--- Data for this exercise ---
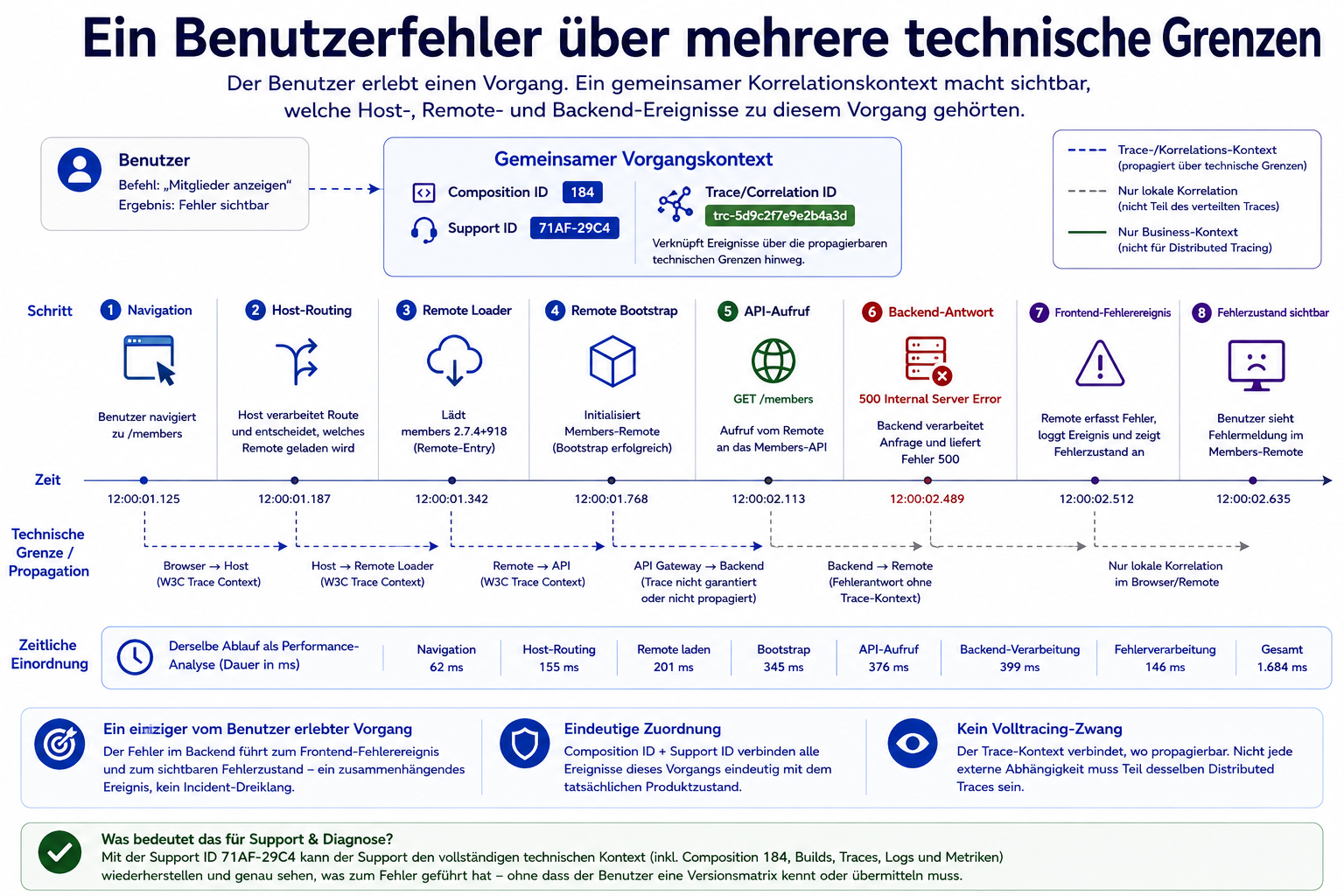 Ein korrelierter Laufzeit-Zeitstrahl verbindet Host, Remote, API und Backend zu einem einzigen vom Benutzer erlebten Vorgang.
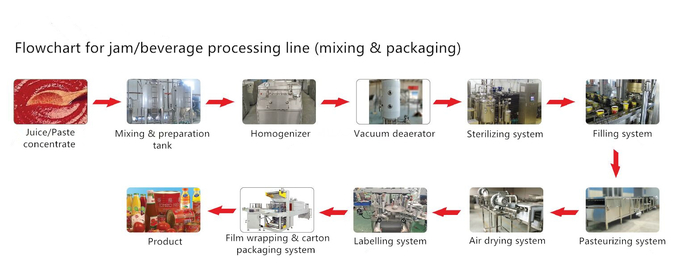 Professional 380V Fruit Juice Processing Line 1500 T/D Easy Operation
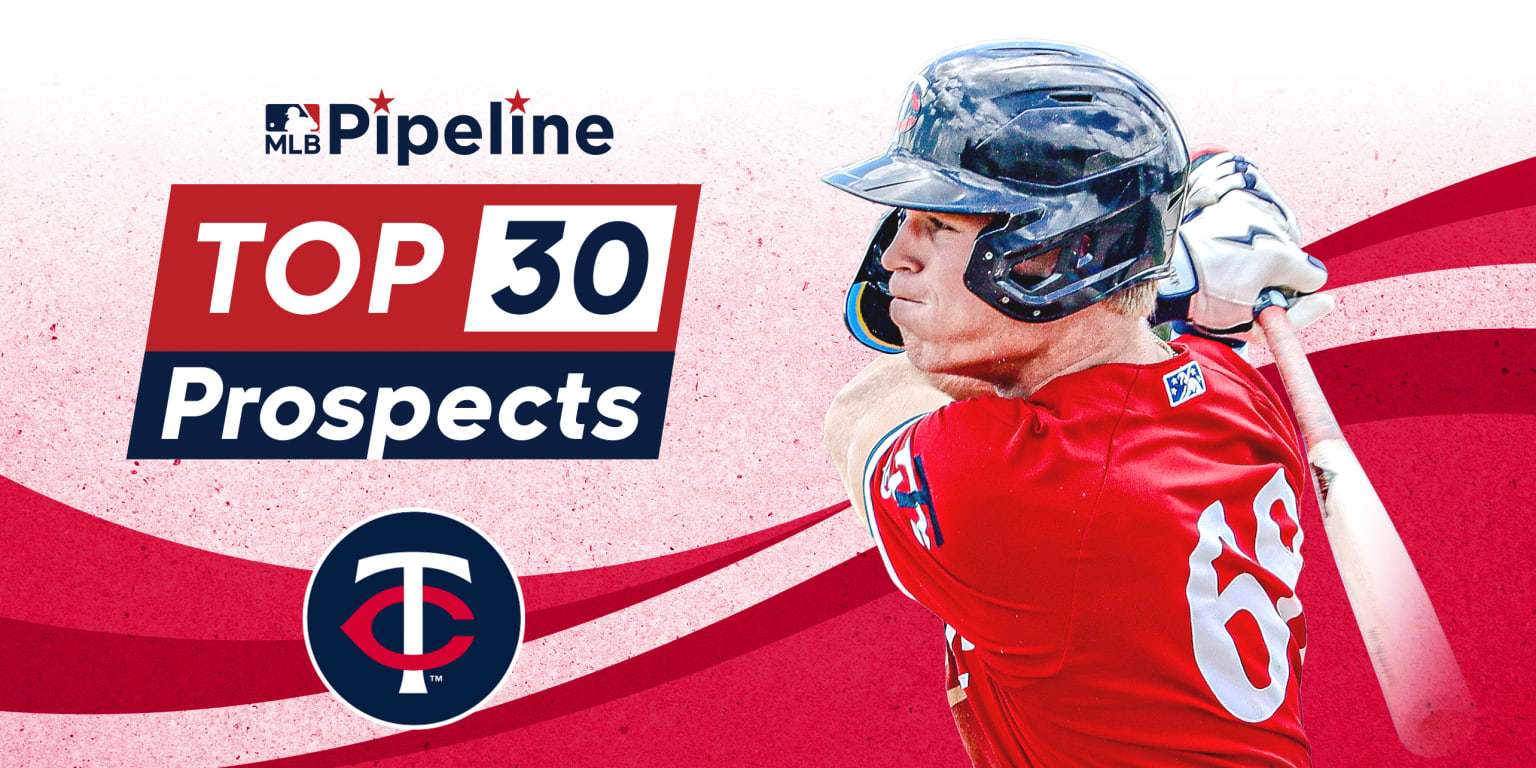 Twins Top Prospect Vote 2023: Round 2  Minnesota Twins Top Prospects -  Twinkie Town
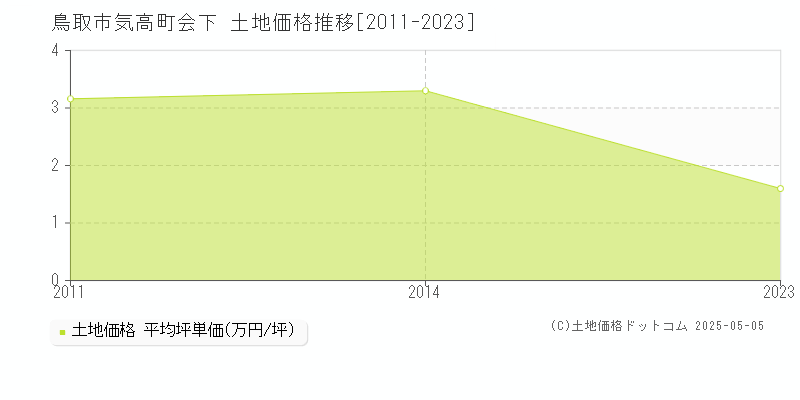 気高町会下(鳥取市)の土地価格推移グラフ(坪単価)[2011-2023年]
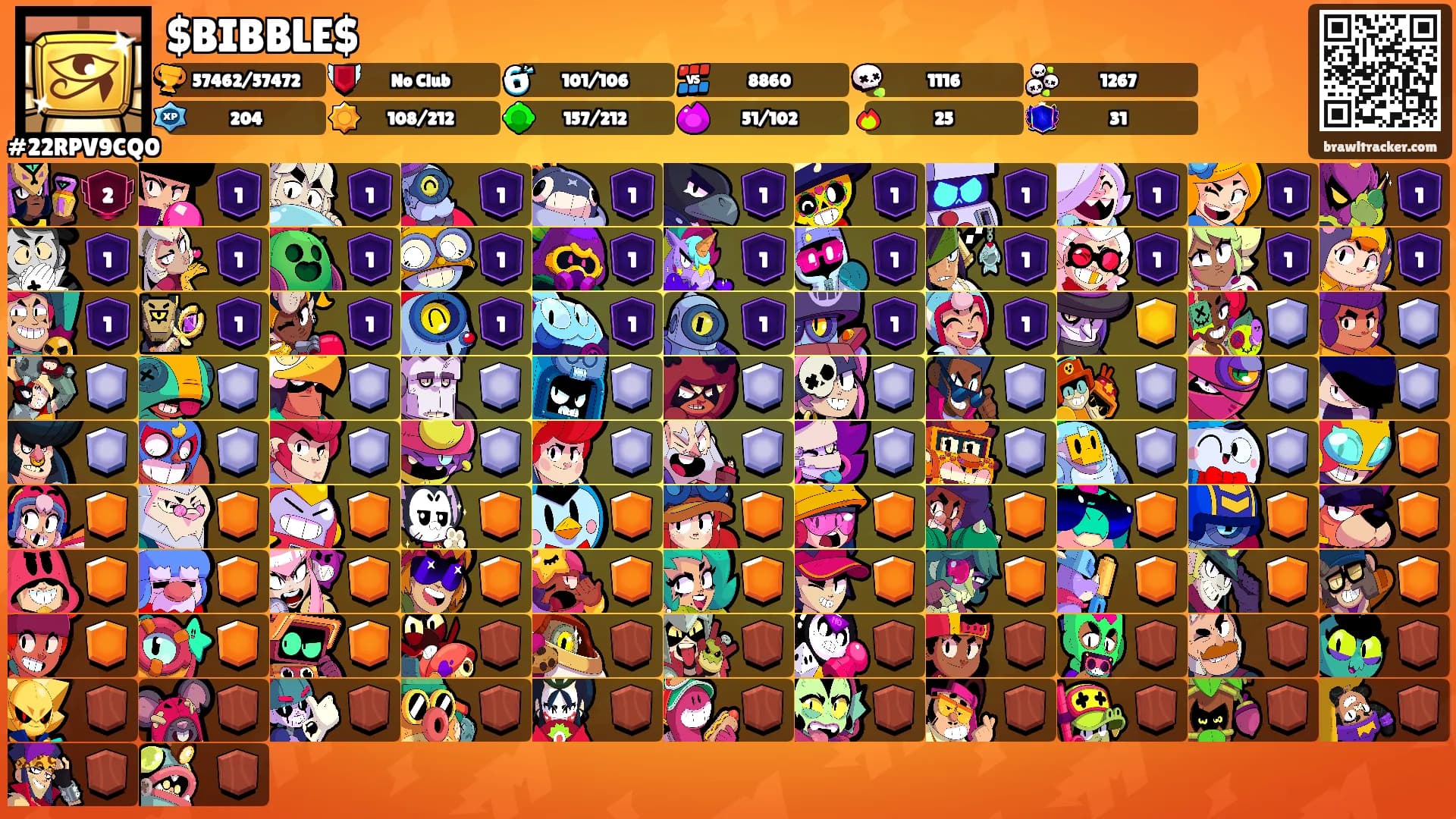 $BIBBLE$'s Ranks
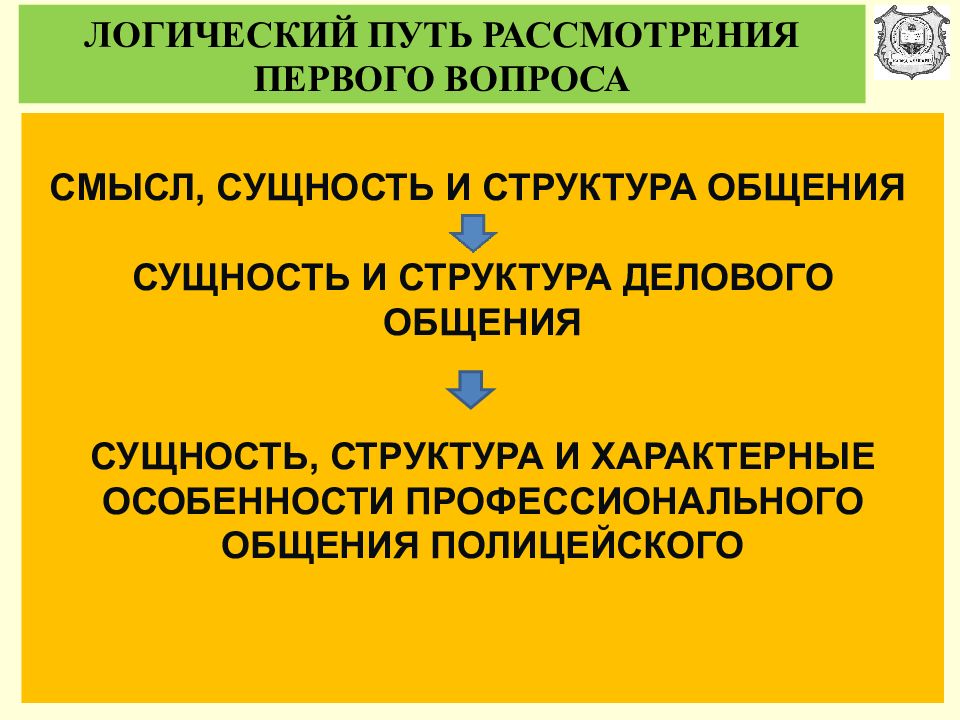 Профессиональное общение сотрудников овд презентация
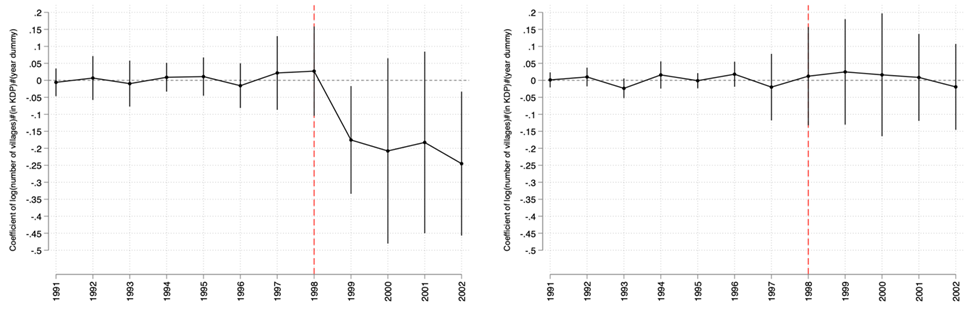 The impact of competition for KDP on within-village conflict, by average of within-village ethnic fractionalisation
---
▶ [What this task involves]
Return verbatim every line from the one holding "気高町会下(鳥取市)の土地価格推移グラフ(坪単価)[2011-2023年]" to the end of the records above. Do not copy the pictures.

▶ [Task solution]
 気高町会下(鳥取市)の土地価格推移グラフ(坪単価)[2011-2023年]
 $BIBBLE$'s Ranks
 Профессиональное общение сотрудников овд презентация
 The impact of competition for KDP on within-village conflict, by average of within-village ethnic fractionalisation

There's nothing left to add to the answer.